Short web captions:

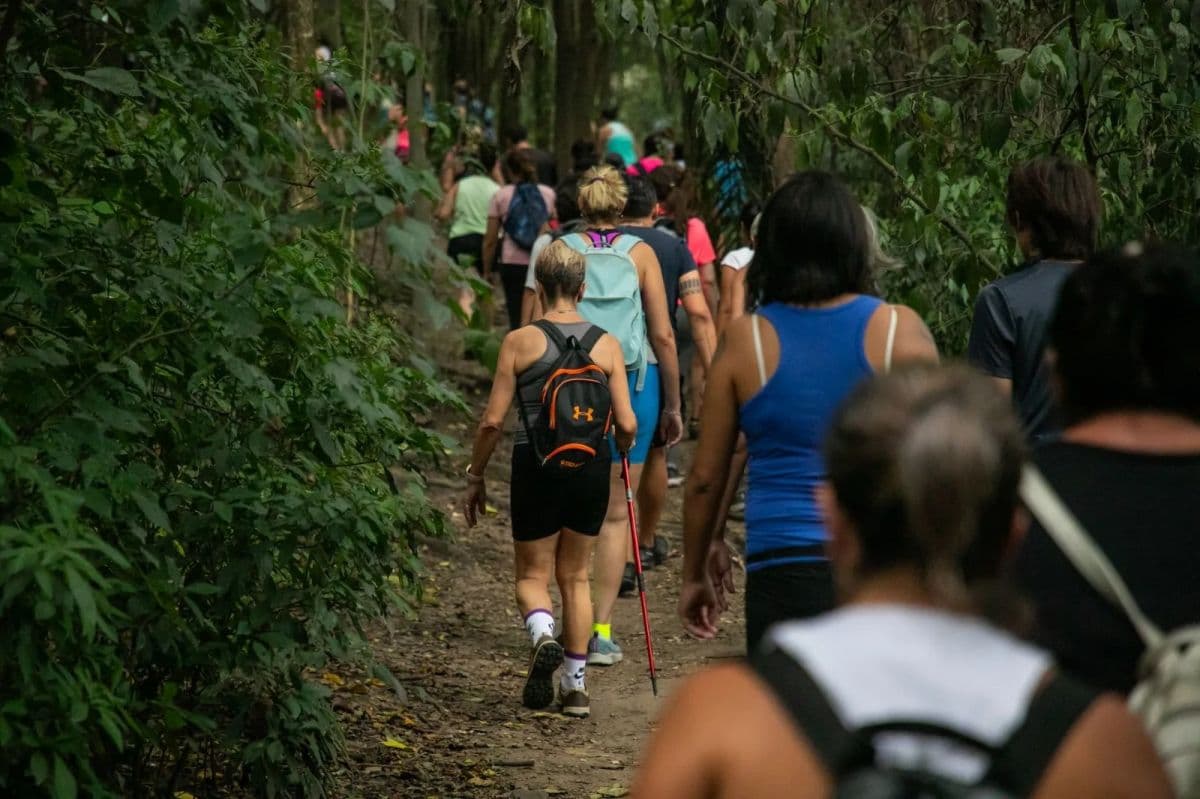 “Guardianes de las Yungas”: Yerba Buena convoca a capacitarse en interpretación ambiental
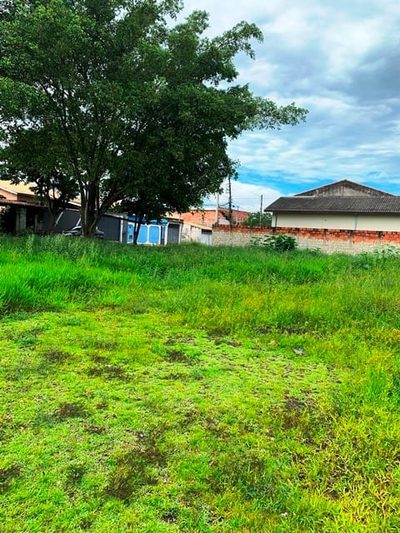 Terreno, 250 m² - Foto 4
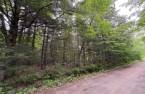 Land/Lot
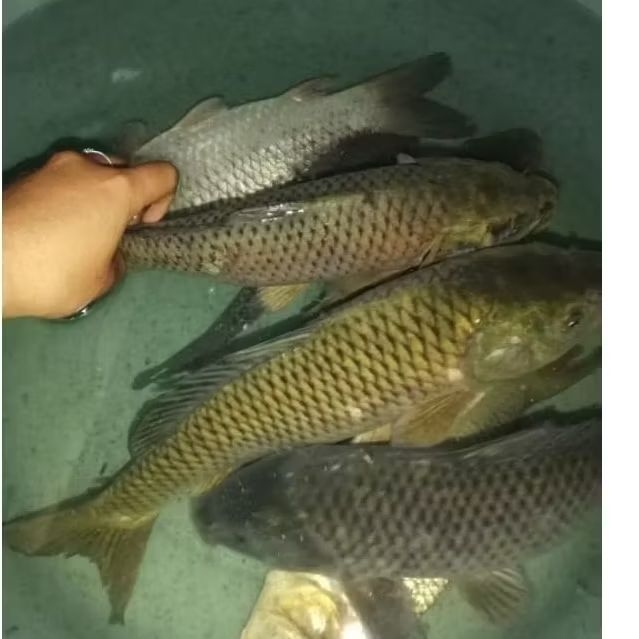 

Ikan Mas segar Ikan Tambak segar 1kg premium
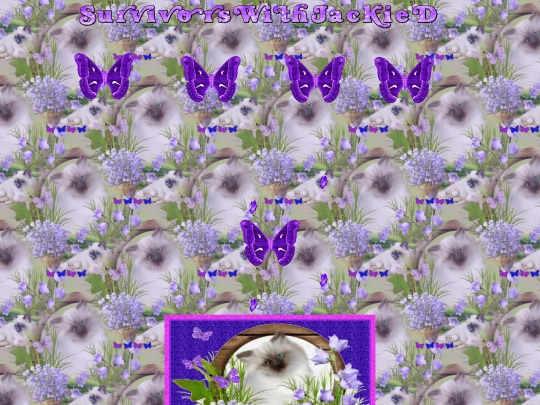Spring/000May5SUVPrplKittensSUV screenshot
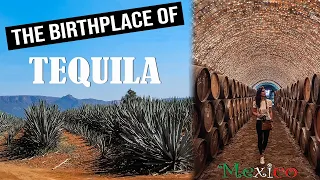 Visiting the Home of Tequila in Mexico! | TEQUILA Town and Distillery Tour + GUACHIMONTONES Guide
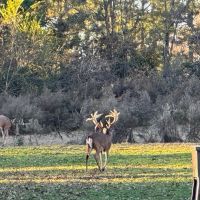 Turn Key Hunting Preserve With Newly Build Lodge images 4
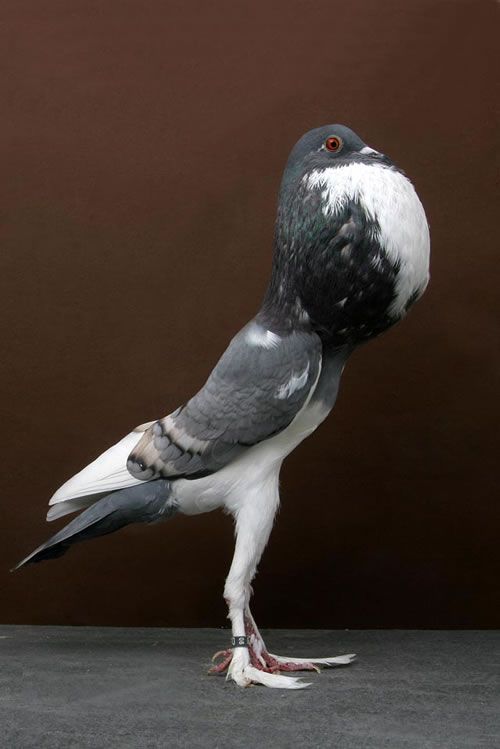 Google Image Result For Http Www Worldsstrangest Com Wp Content Plugins Wp O Matic Wscache23 321a5 Pigeon Championship Jpg 珍しい鳥 美しい動物 動物 写真 Google Image Result For Http Www Worldsstrangest Com Wp Content Plugins Wp O Matic Wscache23 321a5 Pigeon Championship Jpg 珍しい鳥 美しい動物 動物 写真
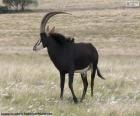 Antílope sable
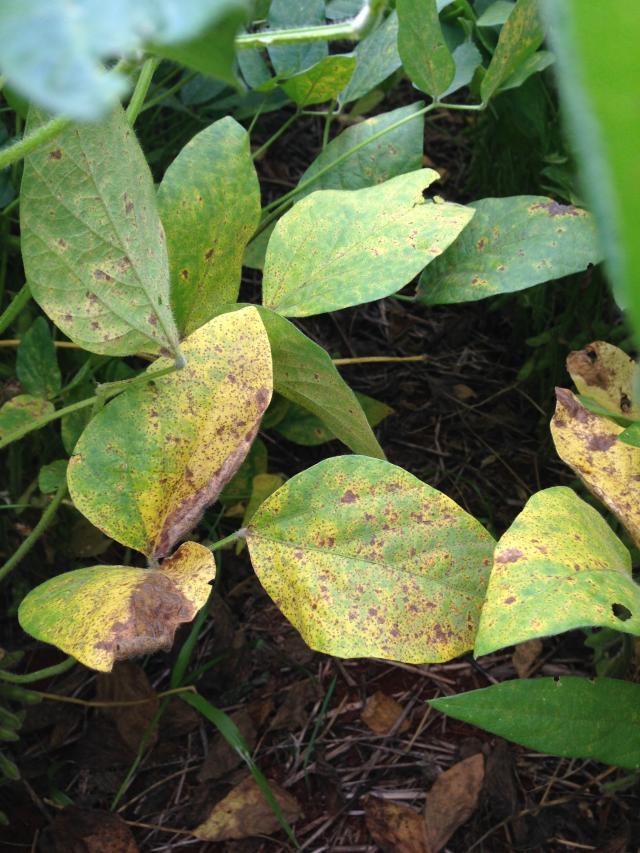 Consórcio Antiferrugem identifica ferrugem em soja “guaxa” em três estados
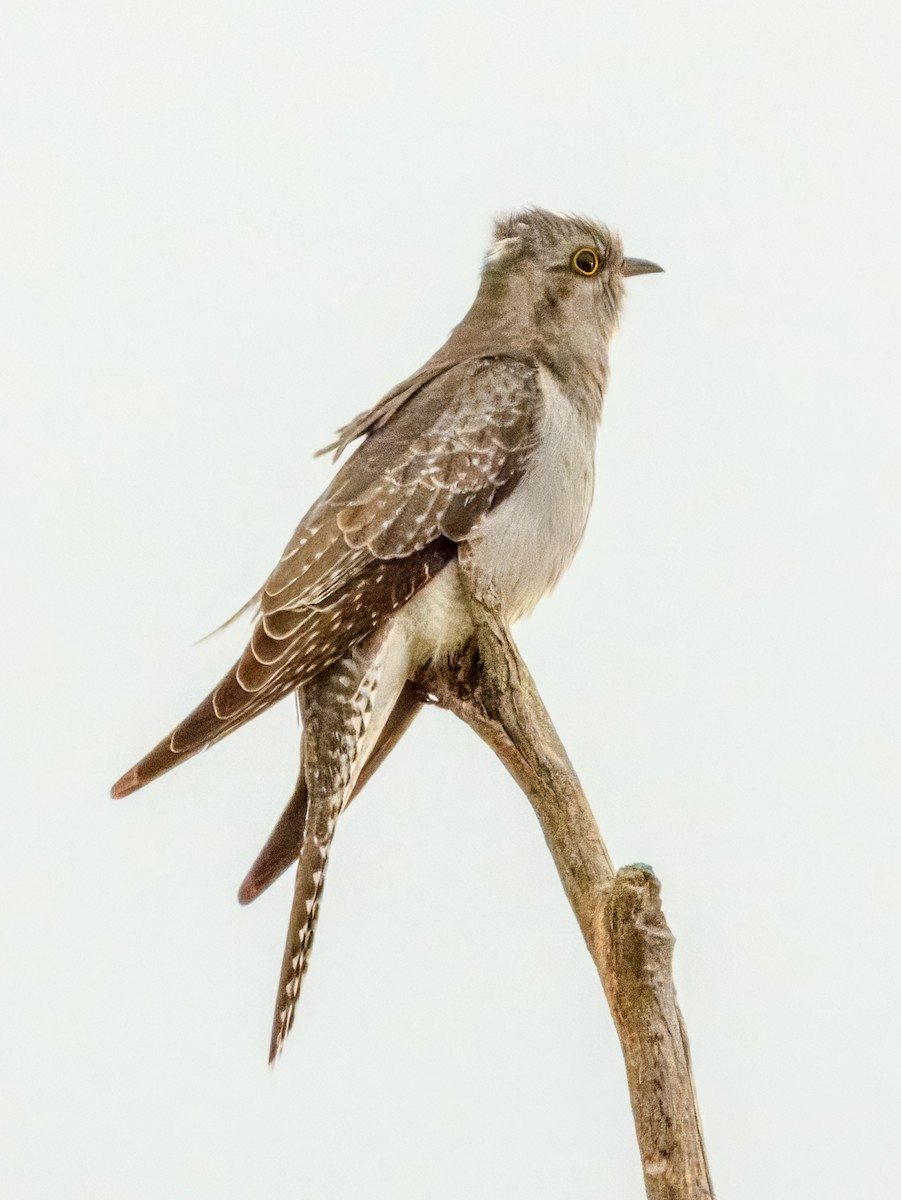 Pallid Cuckoo - ML638163892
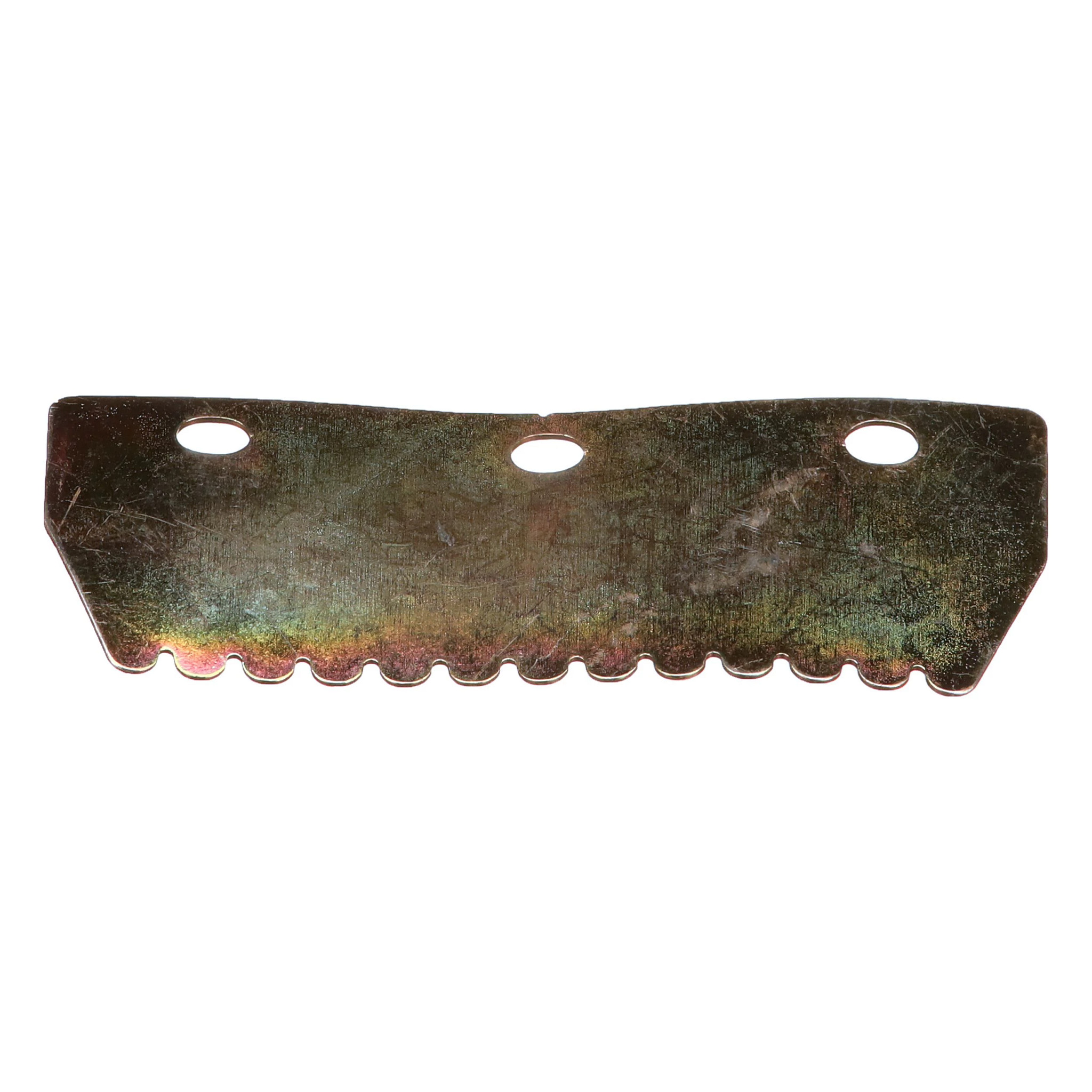 STRIP | CASECE | AMEA | EN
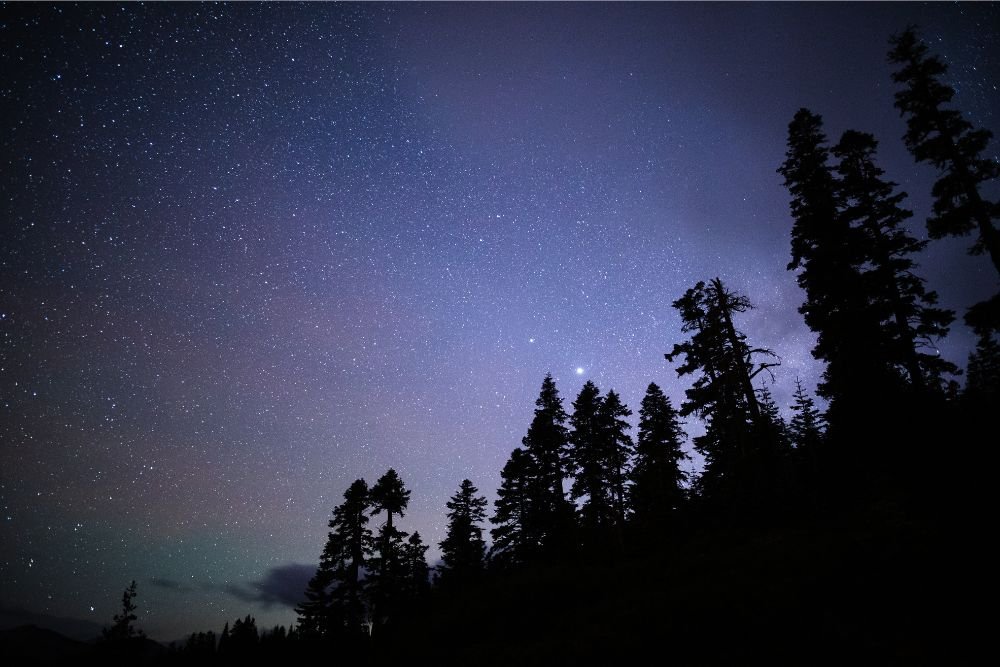 Lake Tahoe at Night- a moonlit starry sky above an alpine forest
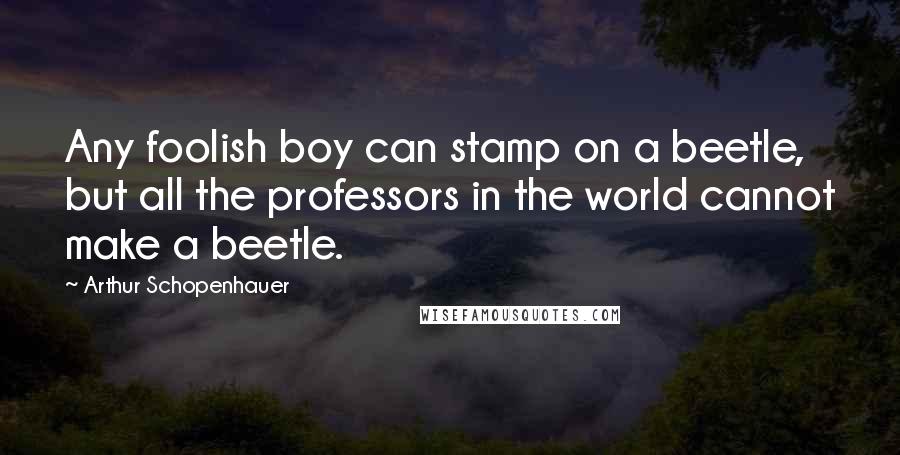 Arthur Schopenhauer Quotes: Any foolish boy can stamp on a beetle, but all the professors in the world cannot make a beetle.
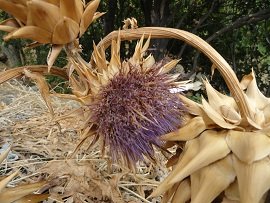 Lapithos, Crete, Kreta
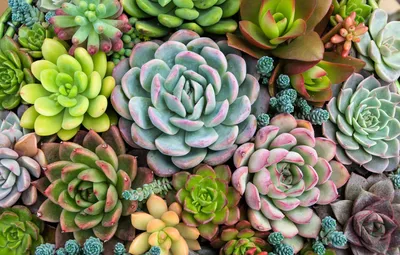 Обои растения, nature, plant, succulent, Суккуленты картинки на рабочий  стол, раздел разное - скачать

Your task: Retyped exactly, the lines from the one holding "STRIP | CASECE | AMEA | EN" through the last line of the data above are the whole answer. Pictures stay out.

Answer box:
 STRIP | CASECE | AMEA | EN
 Lake Tahoe at Night- a moonlit starry sky above an alpine forest
 Arthur Schopenhauer Quotes: Any foolish boy can stamp on a beetle, but all the professors in the world cannot make a beetle.
 Lapithos, Crete, Kreta
 Обои растения, nature, plant, succulent, Суккуленты картинки на рабочий  стол, раздел разное - скачать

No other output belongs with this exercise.